▶ **What this task involves**
The whole listing below must be printed again exactly, images excluded.

▶ **Supplied records**
·····

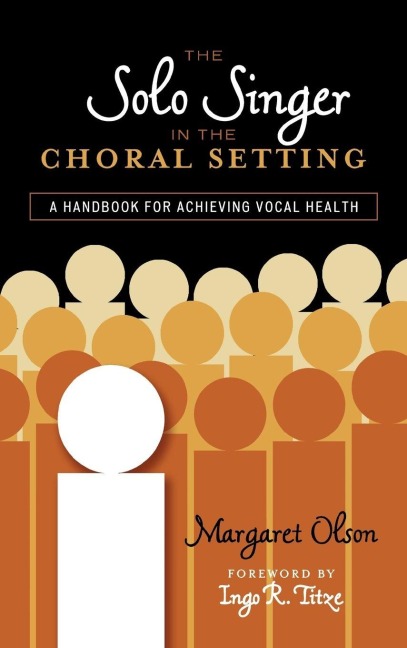 Solo Singer in the Choral Setting - Margaret Olson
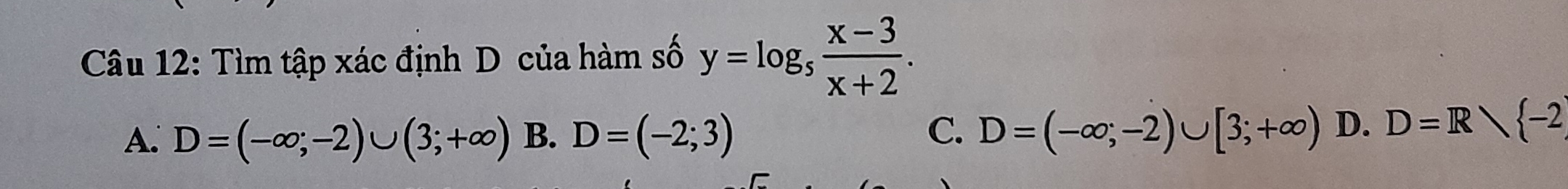 Tìm tập xác định D của hàm số y=log _5 (x-3)/x+2 .
A. D=(-∈fty ;-2)∪ (3;+∈fty ) B. D=(-2;3) D=(-∈fty ;-2)∪ [3;+∈fty ) D. D=R/ -2
C.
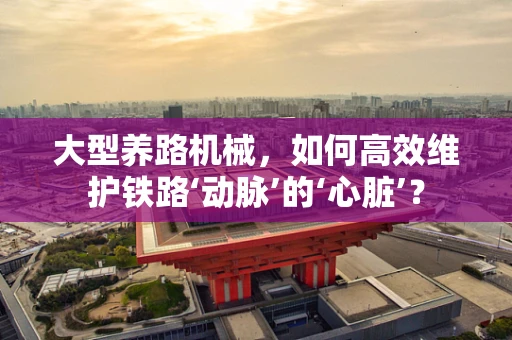 大型养路机械，如何高效维护铁路‘动脉’的‘心脏’？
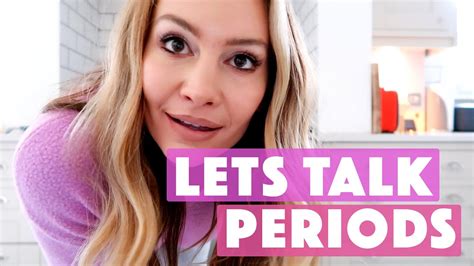 Lets Talk About Periods YouTube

·····

▶ **Response to the exercise**
 Solo Singer in the Choral Setting - Margaret Olson
 Tìm tập xác định D của hàm số y=log _5 (x-3)/x+2 .
A. D=(-∈fty ;-2)∪ (3;+∈fty ) B. D=(-2;3) D=(-∈fty ;-2)∪ [3;+∈fty ) D. D=R/ -2
C.
 大型养路机械，如何高效维护铁路‘动脉’的‘心脏’？
 Lets Talk About Periods YouTube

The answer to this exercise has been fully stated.